As everyone in my family now knows, I am separating from my wife and will soon be moving in with the love of my life. In NO WAY does this mean I will not continue to be a full-time father to my children, but my sister doesn't see it that way. The other day, she accused me (in tears) of being our father — of leaving my family to find my own happiness.
This is both inaccurate and unfair, but it has me feeling horrible. How do I clear my conscience and ensure that my sister actually is wrong?
A. Easy: Don't move in with this “love of my life.”
If your marriage is over, then it's over; I'm not going to jump on the guiltwagon and say you have an ironclad obligation to stay in the home you created.
Love and duty do fuse together in the acts of marriage and childbearing, without question. But the duty is to treat your family's needs as equal to your own, to override self- and family-destructive impulses, to own your mistakes, and to regard breaking your vows as the very last resort when all efforts to sustain a healthy marriage have failed. It is not a duty to feign love where you don't feel any, or stay “for the kids” when the only model you're providing for marriage is one of unrelenting dysfunction. That doesn't serve anyone — not your wife, not your kids, and not you, though admittedly you're the least of my worries.
When you move in with your new love, however, you're not saying, “My marriage isn't working and it's best for the kids if we raise them in two households.” What you're saying is, “The wife was OK, but this woman's better.” Also known as, “I'm leaving my family to find my own happiness.”
The only difference between you and your father is that, as a veteran of parental abandonment, you get how wrong it is to abandon your kids in the process, and you're going to remain involved.
It's a huge, character-fueled distinction, but not a redeeming one.
Let's say your marriage really is broken, for reasons entirely unrelated to your falling for someone else. And let's also say your new love — both the person and the relationship you share — is so healthy that it will actually help you create the kind of stable and loving home you so urgently owe your children.
Both of these conditions would be better served by your putting the brakes on the rush to shack up with Love II. By concentrating on one major upheaval at a time — and leaving significant time in between for emotions and other dust to settle — your separation will go better; the transition process for your kids will go better; the progress of your new romance will go better.
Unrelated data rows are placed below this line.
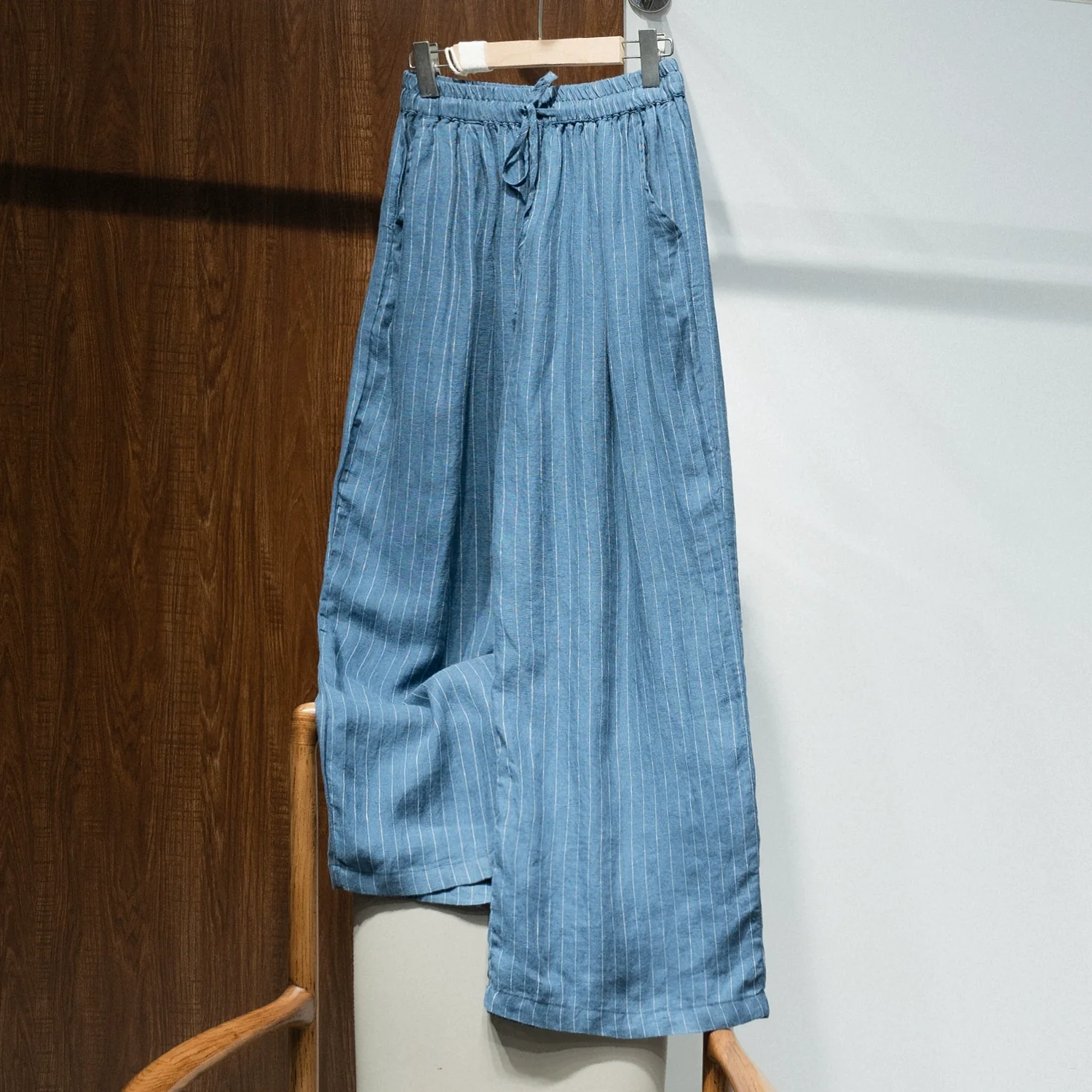 Summer Casual Linen Striped Loose Versatile Lace-Up Pants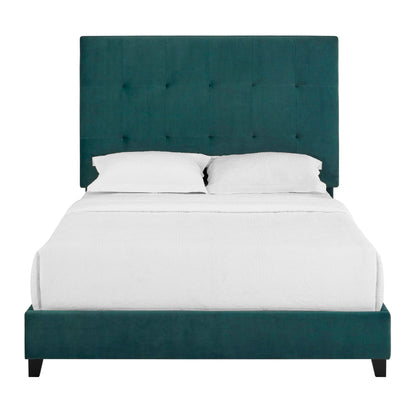 Queen Size Green Velvet Tufted Upholstered Platform Bed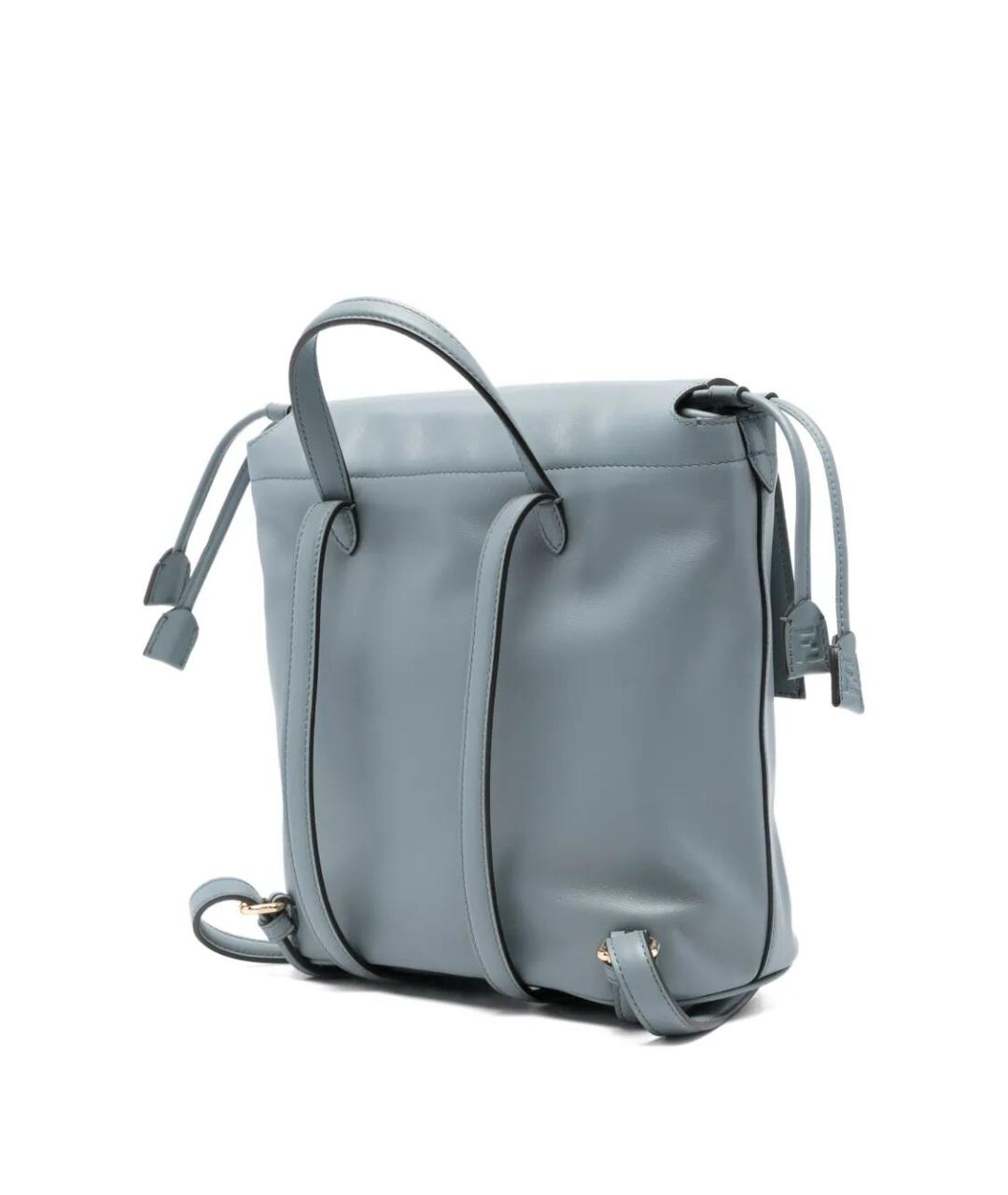 FENDI Голубой кожаный рюкзак, фото 3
In the last case: By “better,” I don't mean that you and your new love will have a better chance of staying together. I mean you'll have a better chance at creating something healthy — and that can mean anything from being together for life to dating casually to breaking up.
Rushing into this new love while still living with the old one means you haven't given yourself any chance to determine if you and she are good together under normal relationship conditions. And it tells your kids that it's OK to chase greener grass.
For the love of your children — literally — please establish something resembling normal relationship conditions (separation, home for just you and your daughters, custody agreement, divorce, new family equilibrium, pattern of caring civility between you and your ex) before you go butt-over-handlebars into the next big thing.
Q. I was just thinking the other day about how my one-year relationship with my boyfriend has been smooth sailing so far — we haven't fought or really disagreed about anything, no misunderstandings, nothing to go crying to my girlfriends about. Does this mean we're oddly simpatico, or have we just not hit the snag (whatever it is) yet?
A. You're only as simpatico as you are honest with each other. If the two people getting along so famously are the true, love-it-or-leave it versions of yourselves, then, congratulations. If not, then your comfort with each other to this point says it's time those true selves ventured out.